Efek sebuah panggilan

2.6K 95 0
                                    

Pagi ini Sinta janjian dengan Adis dan Aji untuk melakukan joging bersama di taman kota. Setelan olahraga sudah melekat sempurna di tubuhnya. Hari Sabtu memang selalu menjadi agenda mereka untuk pergi olahraga.

"Mau ke mana kamu?" Pertanyaan Arshan menghentikan langkah Sinta yang akan menuruni anak tangga. Sinta menoleh ke belakang, tak lupa seulas senyum manis ia berikan kepada kakaknya itu.

"Mau joging di taman kota, Kak."

"Sendiri?"

Sinta menggeleng. "Nggak, sama Aji dan Adis."
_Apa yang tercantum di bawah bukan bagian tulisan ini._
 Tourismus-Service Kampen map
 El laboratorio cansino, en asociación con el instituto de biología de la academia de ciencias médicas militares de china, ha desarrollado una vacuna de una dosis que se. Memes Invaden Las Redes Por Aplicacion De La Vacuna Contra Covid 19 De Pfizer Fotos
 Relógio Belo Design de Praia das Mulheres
"Bareng Kakak saja. Kebetulan kakak juga mau olahraga di sana."

"Nggak usah, aku udah nyuruh Pak Tono buat ngantar." Tolak Sinta. "Duluan ya Kak." Sinta langsung menuruni anak tangga sebelum Arshan mencegah.
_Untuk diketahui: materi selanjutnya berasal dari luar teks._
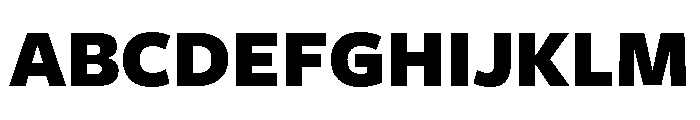 Freight Sans Black Font UPPERCASE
Ia juga tidak perlu menjemput sahabatnya karena Adis sudah dijemput Aji dari tujuh menit yang lalu. Dan sekarang ia harus segera tiba di taman kota sebelum kedua temannya itu memberi omelan. Setelah mobil yang dikendarai Pak Tono keluar dari rumah mewah, Arshan membuntuti di belakang. Laki-laki itu juga ke sana atas ajakan Haikal.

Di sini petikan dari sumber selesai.